Did you know that when you add SELECT … AS my_select, ActiveRecord will add a method for that attribute to the object returned? That’s why post.ninety_days works in the code above. I thought that was pretty handy.

I’m still not comfortable with this end result though. We’re loading records into ActiveRecord when all we need from them is the count data and the post id.

exec_query to the rescue!

exec_query returns a hash of the column names and values you asked for. This lets you skip active record entirely!

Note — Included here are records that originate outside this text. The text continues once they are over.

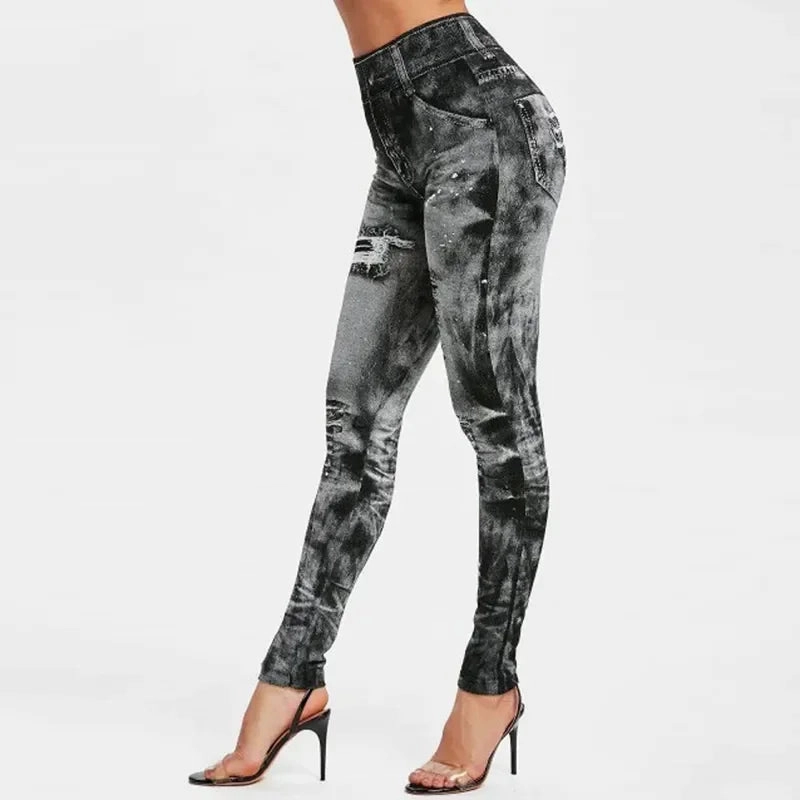 Women Stretch Fitness Leggings Vintage Imitation Jeans High Waist Slim Pants Fashion Sexy High Street Push Up Breeches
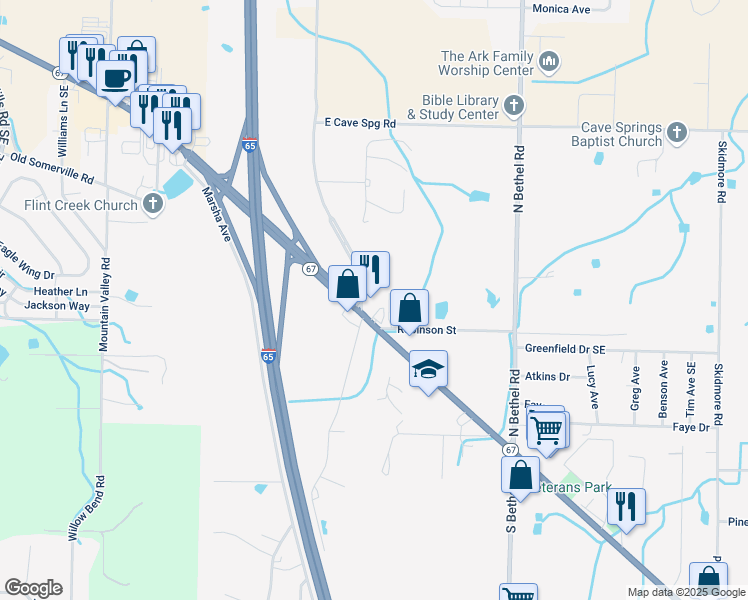 map of restaurants, bars, coffee shops, grocery stores, and more near 1305 Alabama 67 in Decatur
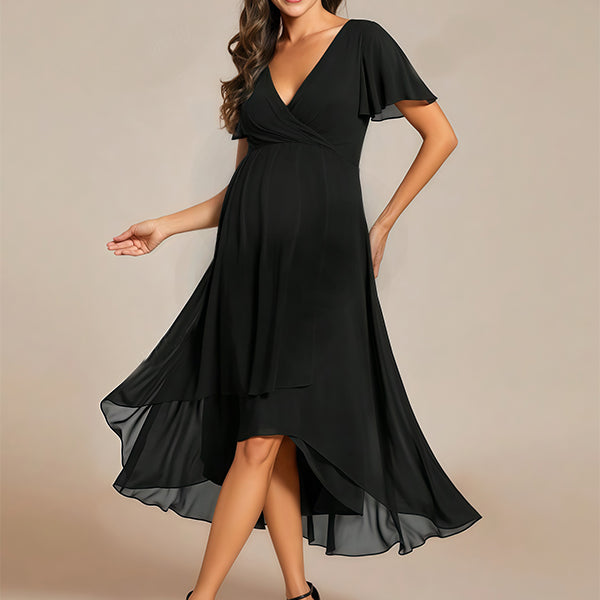 Robes mi-longue de grossesse volants-Noir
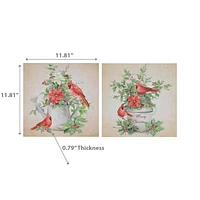 Art Mural En Bois Cardinal - Lot De 2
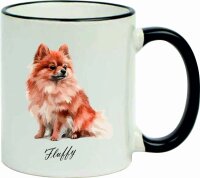 Keramiktasse "Fynn" mit schwarzen Henkel und Motiv Pomeranian - Zwergspitz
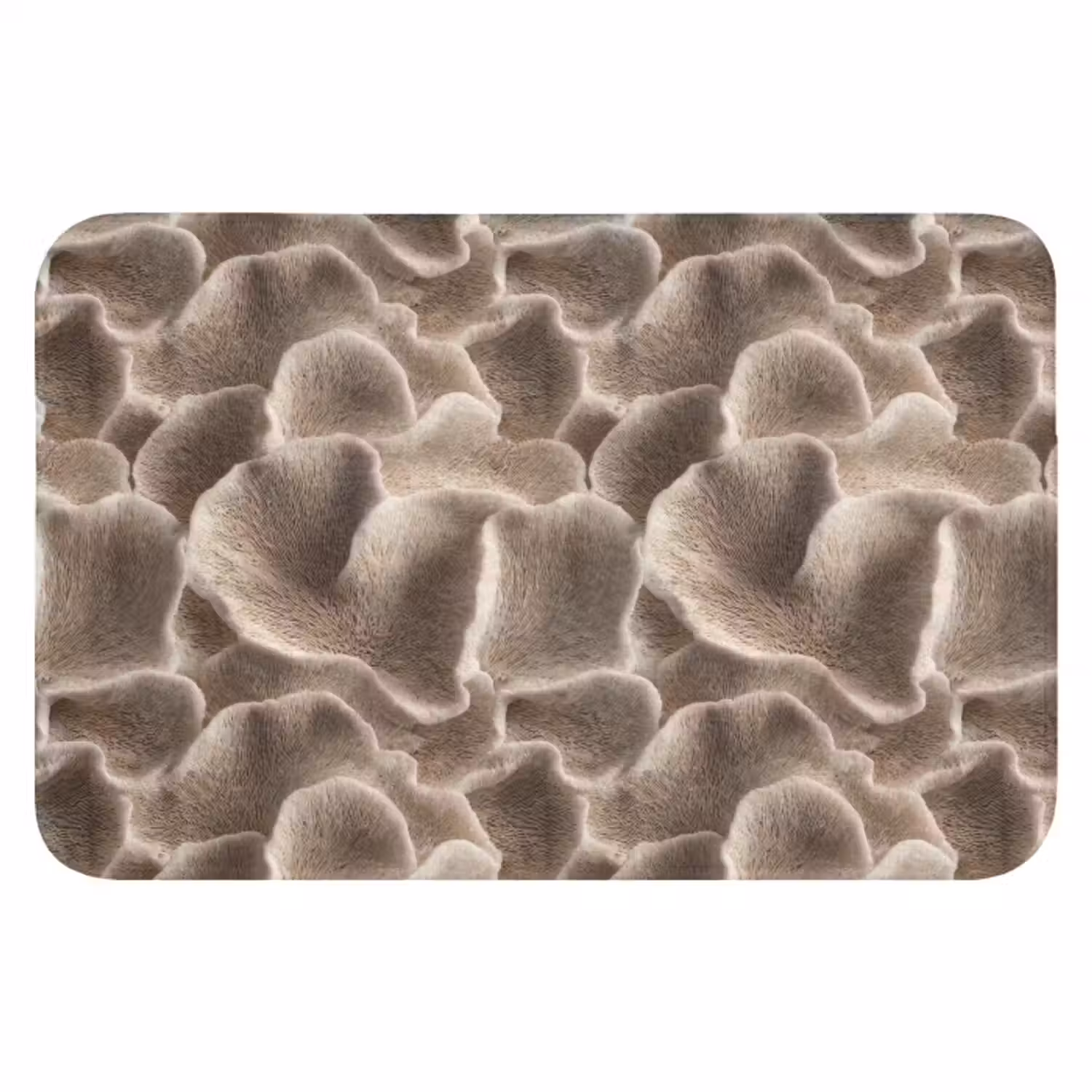 Badmat - Waaiervorm - Beige - Vezel textuur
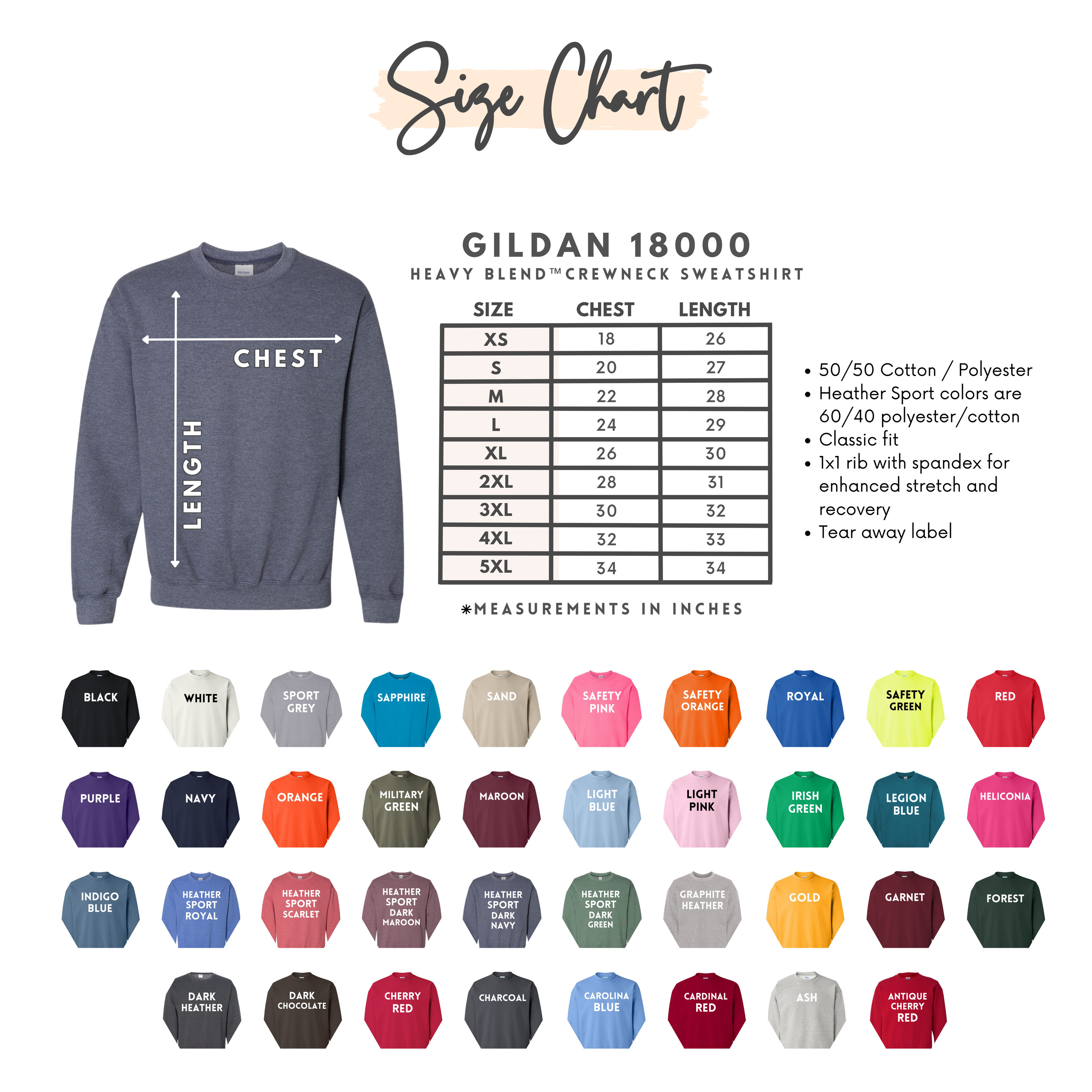 Gildan 18000 sweatshirt size chart with color swatches on a white background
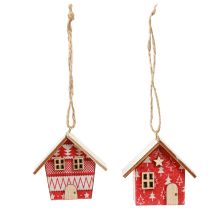 Artikel Weihnachtshäuschen zum Hängen Papier Holz Rot 5,5cm 6 St
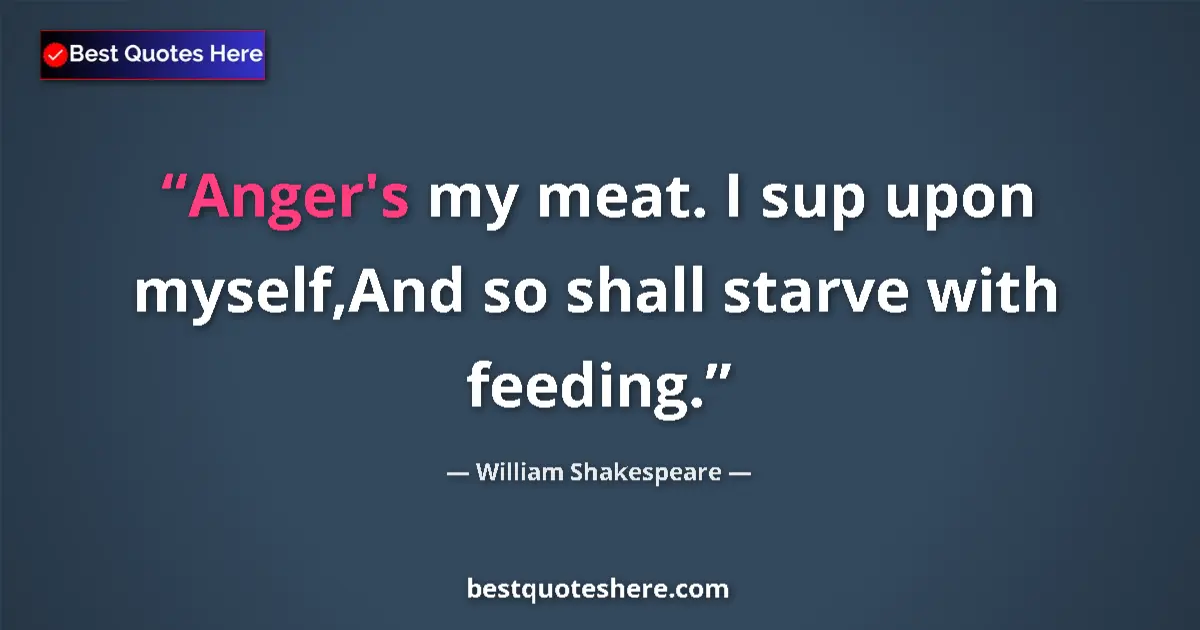 Quote by William Shakespeare: Anger's my meat. I sup upon myself,And so shall starve with feeding....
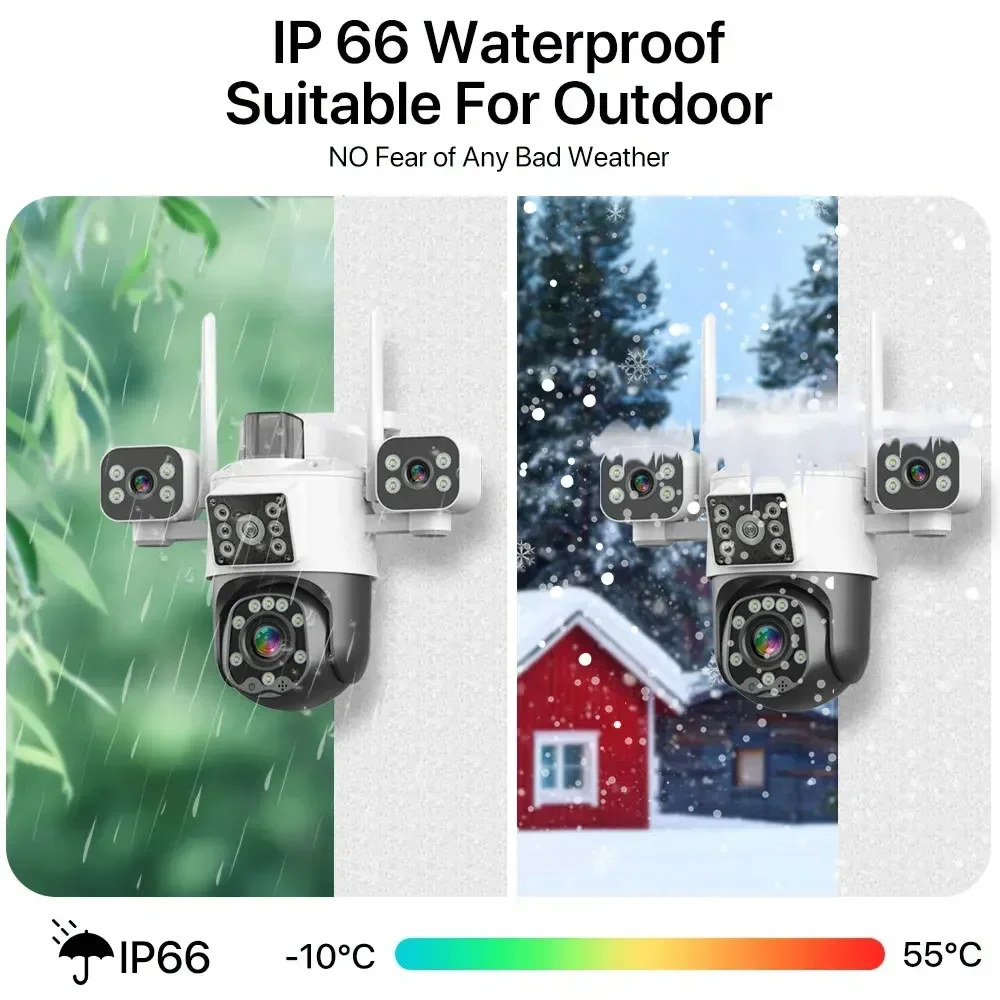 Telecamera IP WIFI HD da 15 MP Tre schermi Tre lenti Tracciamento automatico IP66 Video CCTV impermeabile Sicurezza Visione notturna a colori Cam iCsee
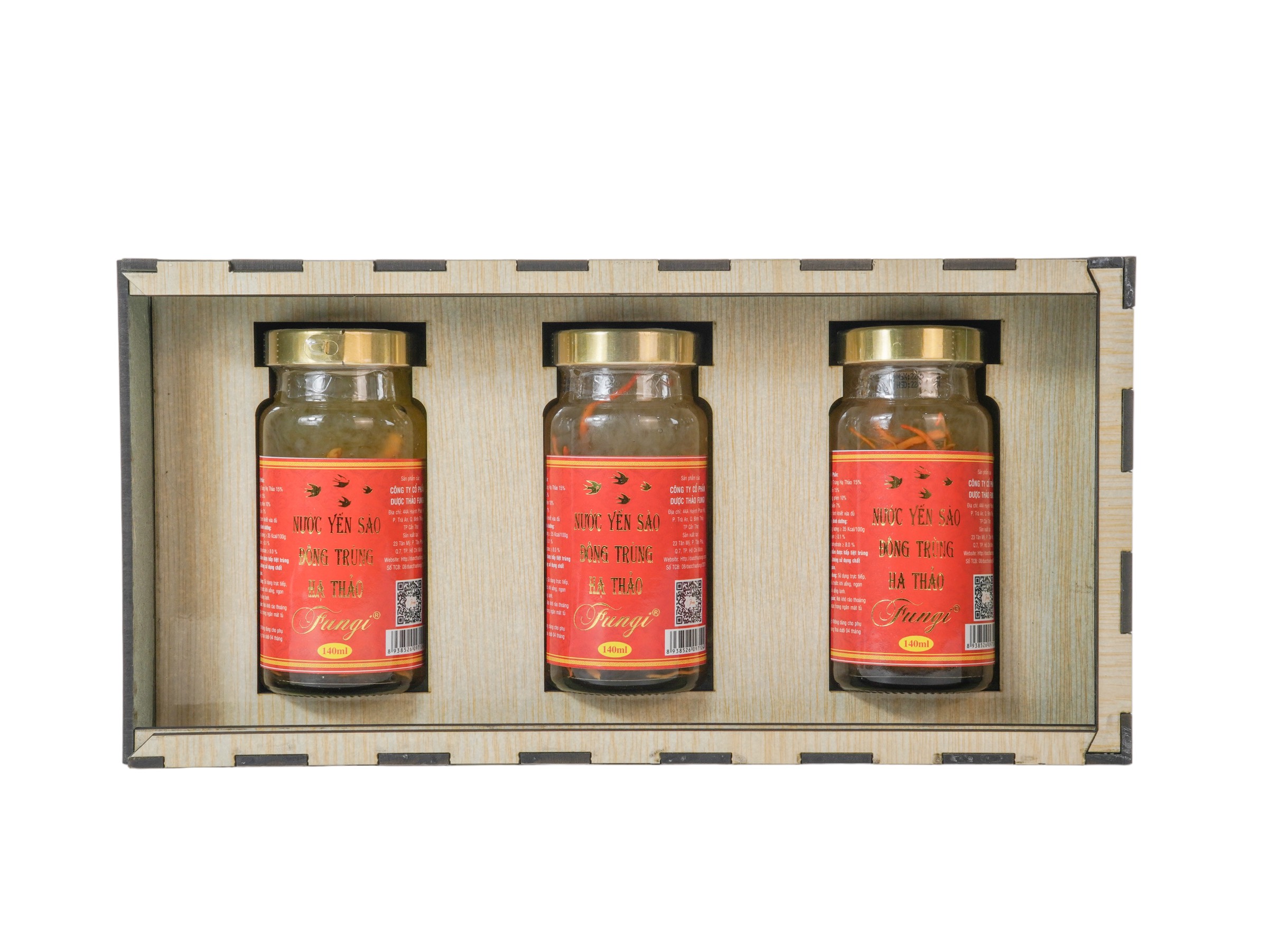 Yến Sào Đông Trùng Hạ Thảo Fungi Hộp Gỗ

query = Post.left_outer_joins(:comments)
            .select(select)
            .group("posts.id")
            .to_sql
result = Post.connection.exec_query(query)
# => [{ "id"           => 1,
#       "ninety_days"  => 190,
#       "thirty_days"  => 67,
#       "fifteen_days" => 14 }...]

result.map!(&symbolize_keys!).group_by(&:id)
# =>
# { 1 => { ninety_days: 190,
#         thirty_days:  67,
#         fifteen_days: 14 },
#  2 => { ninety_days:  583,
#         thirty_days:  392,
#         fifteen_days: 83 }

Yay! We got the same result and look at how little code it is! If you’re querying a big dataset, this will save to all kinds of time!

Wrapping Up

If you need to retrieve data from the database, but don’t need any of the functionality of your models, use exec_query to skip ActiveRecord and speed things up a bit.

If you do need ActiveRecord, then you can add additional attributes to the object you get back by passing SQL into the select method and naming giving it a name with AS.

For queries that have complex joins, or ones that you might need to build programmatically, relying on ActiveRecord might get difficult. Take a look at Arel, a library that forms the abstract syntax tree manager behind ActiveRecord, for situations like this.